Dubitativo, apocado, se encamina hacia el señorito arrastrando los pies y sus penurias. Cuando llega, ha de esperar a que el señor se digne a mirarle; está muy ocupado paladeando su soberbia. Por fin, le concede unos segundos. Qué pasa, qué quieres ahora. Alargando las vocales, simulando hartazgo para minar la moral. Y el pobrecito de provincias suspira, se quita la boina, la dobla entre sus manos como quien retuerce su propia suerte, y le explica al señor. Oiga, que se se me ha puesto malo el chiquillo, mire usted qué desgracia, y a ver si no tendría un dinerillo suelto por ahí para pagar lo que le hace falta. Yo sé que usted es muy bueno, que me tiene aquí en la gloria, que tengo mi propio catre y a veces hasta me deja acercarme a la candela. Hágame el favor, una limosna nada más, y por los santos del cielo le juro que pediré a dios por usted más todavía de lo que ya pido.
Si un partido de fútbol pudiese escribirse como la escena de un guión, las visitas del Sevilla al Santiago Bernabéu serían calcadas a las descritas en el párrafo anterior. No la de hoy, todas. Da igual quién se siente en el banquillo, lo mismo da qué jugadores conformen el once titular. Y poco importa el momento de la temporada en la que llegue el choque, o si éste aparece en mitad de una dinámica positiva o negativa. Por supuesto, el buen desempeño en competiciones europeas o en tu propio feudo se queda en minucia. Todo se esfuma en el momento exacto en el que el Sevilla pone un pie en el AVE, se le salen los ojos mirando por la ventana y se pregunta por qué corren tan rápido para el otro lado los postes del tendido eléctrico mientras acaricia con dedos temblorosos la milana, la milana bonita.
La goleada de hoy en Madrid no ha sido ni bonita ni fea, sólo ha sido otra. Es cierta una cosa: el Sevilla hace el ridículo año tras año, de forma sistemática, en los campos más importantes del fútbol español, y eso no es óbice para que los objetivos se cumplan o se dejen de cumplir. Es muy molesto, pero no definitorio. Tan verdad es como que se me ocurren al menos nueve equipos de Primera que, con las bajas que el Real Madrid actual presentaba para el partido de hoy, tendrían bastantes opciones de ganar o empatar el partido. No digo que lo consiguieran, pero al menos crearían peligro, marcarían goles y, a partir de ahí, pues ya se vería si tenían el día bueno o qué. El Sevilla no, el Sevilla nunca. Jamás.

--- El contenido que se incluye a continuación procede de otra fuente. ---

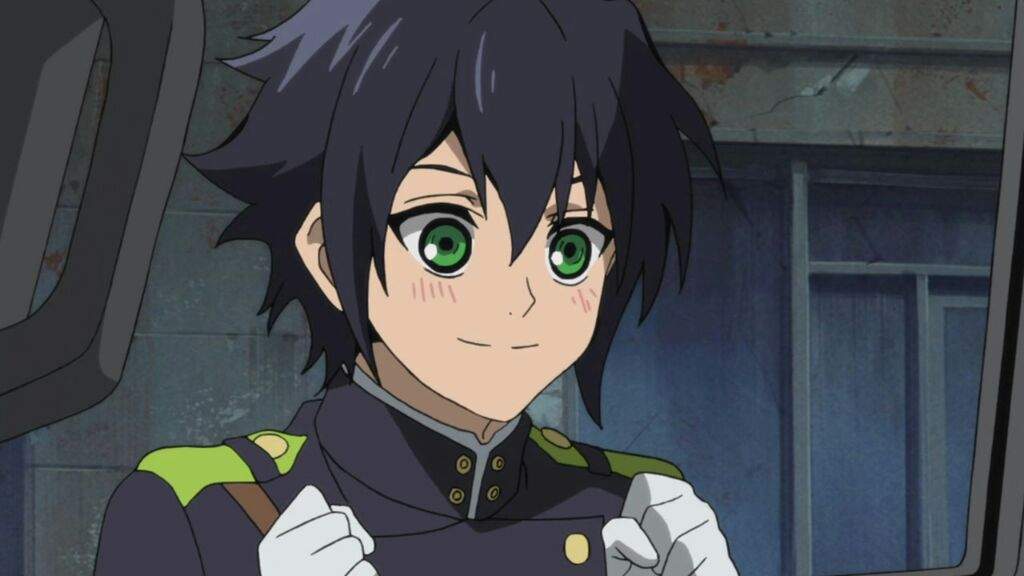 Yuichiro Hyakuya | Wiki | Virtual Space Amino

Básicamente, porque el primer paso para vencer un partido es pensar que puede lograrse. Eso que en el Sánchez-Pizjuán ocurre venga quien venga, incluso se ponga el resultado como se ponga, en Madrid se desvanece. Y lo hace ya desde el mismo miércoles, cuando el cuerpo técnico le otorga una importancia desmedida a un partido en Eslovenia que no la tiene, y desgasta a sus titulares para un mero trámite. Son ganas de empequeñecerse. Pero nada comparado con saltar al césped como el que va al dentista, cerrando los ojos y deseando que pase pronto, duela lo que duela.
Sólo así se explican los arranques de partidos como el de hoy, como el de cualquier otra temporada allí. Sin ir a cabecear un córner en el primer minuto, pidiendo perdón por cada pase bien dado, como si fuera un atrevimiento reprochable. Y, si por lo que sea se llega al área, nada de tirar fuerte, que al señor no se le mueva ni un pelo engominado. Que te cojan como víctima favorita los dos mejores jugadores del mundo jode, pero tiene un pase. Ahora, que lo haga también Nacho, ya suena una mijita a cachondeo.
Todo lo que viene después es lo que el señorito quiera hacer. Si está frustrado o con ganas de divertirse, irá a por ti y tú procurarás no incomodarlo demasiado. Cuando se aburra o se olvide de tu existencia, podrás marchar. Y agacharás la cabeza y musitarás que dios te bendiga, señor. Que dios te bendiga. Quizás nos venguemos si le cojo desprevenido por mis humildes tierras. Pero no se preocupe, el año que viene vuelvo, puntual a la cita, con la boina entre las manos.